A “cidade de tendas”, as caves geladas e os gritos de dor

Depois de dias de viagem, em que os cidadãos americanos estiveram quase sempre com os olhos vendados, chegaram ao campo de trabalho, que descreveram como uma “cidade de tendas” (com seis ou sete prisioneiros em cada uma delas), limitada por duas cercas de arame farpado.

Foram submetidos a interrogatórios “horríveis” — os russos recusavam-se a acreditar que a dupla fazia parte de uma unidade militar ucraniana, insistindo que pertenciam à Central Intelligence Agency (CIA). “Eles achavam mesmo que tínhamos sido enviados pelo nosso governo ou que tínhamos muito apoio do governo”, disse Drueke.

“Eles queriam ter a certeza de que não estávamos a mentir — e tinham formas de o fazer.” Apoiados no chão pelas mãos e pelos joelhos, ao longo de várias horas (até ficarem com os pés dormentes), eram espancados caso se mexessem. Durante a noite, eram obrigados a estar e pé e impedidos de dormir.

Quatro dias depois, os prisioneiros foram transferidos para uma prisão clandestina na região de Donetsk, na Ucrânia, controlada pelas forças separatistas russas. Neste local, os maus tratos pioraram, relataram. Ali os prisioneiros eram mantidos em caves geladas, divididas por pequenas celas, com cerca de 1,5 metros de comprimento por 60 centímetros de largura.

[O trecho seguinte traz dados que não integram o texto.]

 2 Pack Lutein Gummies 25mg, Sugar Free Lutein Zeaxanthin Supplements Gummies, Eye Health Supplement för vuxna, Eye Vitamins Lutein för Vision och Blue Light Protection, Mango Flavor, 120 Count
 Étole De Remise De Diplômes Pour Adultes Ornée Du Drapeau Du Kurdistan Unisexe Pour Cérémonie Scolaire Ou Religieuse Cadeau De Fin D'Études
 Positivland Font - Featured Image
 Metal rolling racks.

Por dia, recebiam um pão com água, que não parecia ser potável. Ouviam-se gritos “de dor” vindos das salas onde decorriam os interrogatórios. “Essa foi uma das piores coisas”, disse Huynh. “Ouvir as pessoas a serem espancadas e não poder fazer nada.”

No andar de cima, ficavam a solitária — na chegada à nova prisão, Huynh passou aqui os dois primeiros dias; Drueke esteve ali várias semanas seguidas. Nesta cela, as forças russas punham músicas conhecidas (desde Eminem a Rammstein), tocando-as ininterruptamente, durante dias.

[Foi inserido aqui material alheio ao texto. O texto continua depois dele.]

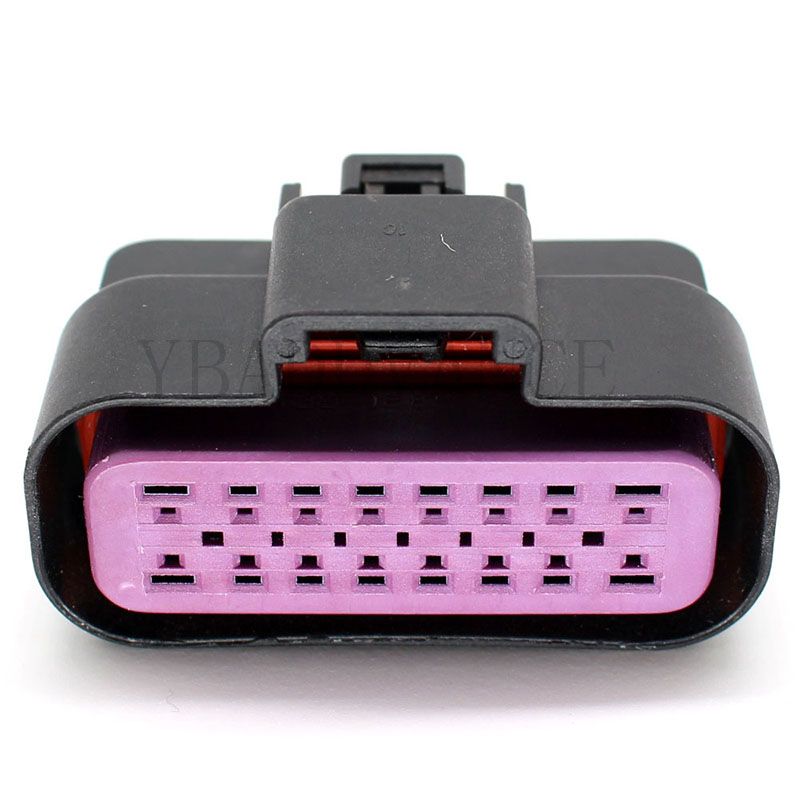 Automotive Delphi Pa66 Male Female 16 Pin Wiring Harness Connector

A violência física continuava, assim como os interrogatórios — nestes, pediam-lhes que identificassem pessoas em fotografias que os militares não conheciam. Foi-lhes também ordenado que telefonassem para organizações nos Estados Unidos, incluindo a Linha de Crise de Veteranos, que apoia militares com problemas de saúde mental.

A maioria das chamadas não tinha qualquer objetivo ou propósito aparente. No entanto, um representante da linha direta de crise forneceu a Drueke os números do Departamento de Estado e de outra agência federal americana — possivelmente, diz o Washingon Post, do Serviço de Proteção Federal. Deste segundo número, houve uma pessoa que atendeu. O militar deu-lhe as suas informações e ficou a promessa de ajuda.

Alex Drueke e Andy Tai Huynh foram também forçados a aparecer em entrevistas de propaganda, que eram transmitidas nos meios de comunicação social russos, controlados pelo Estado. Num desses momentos, foram obrigados a expressar preocupação sobre uma alegada corrupção nas forças armadas ucranianas, alertando outros americanos a “pensar duas vezes” antes de se juntarem à guerra.

Quatro semanas depois, voltaram a ser transferidos: no novo local não foram espancados, mas as condições continuavam a ser desumanas. Havia percevejos que lhes deixavam feridas em toda a pele, manchando a parede de sangue — uma semana depois de ser libertado, Hunh mantém  as costas marcadas pelos insetos.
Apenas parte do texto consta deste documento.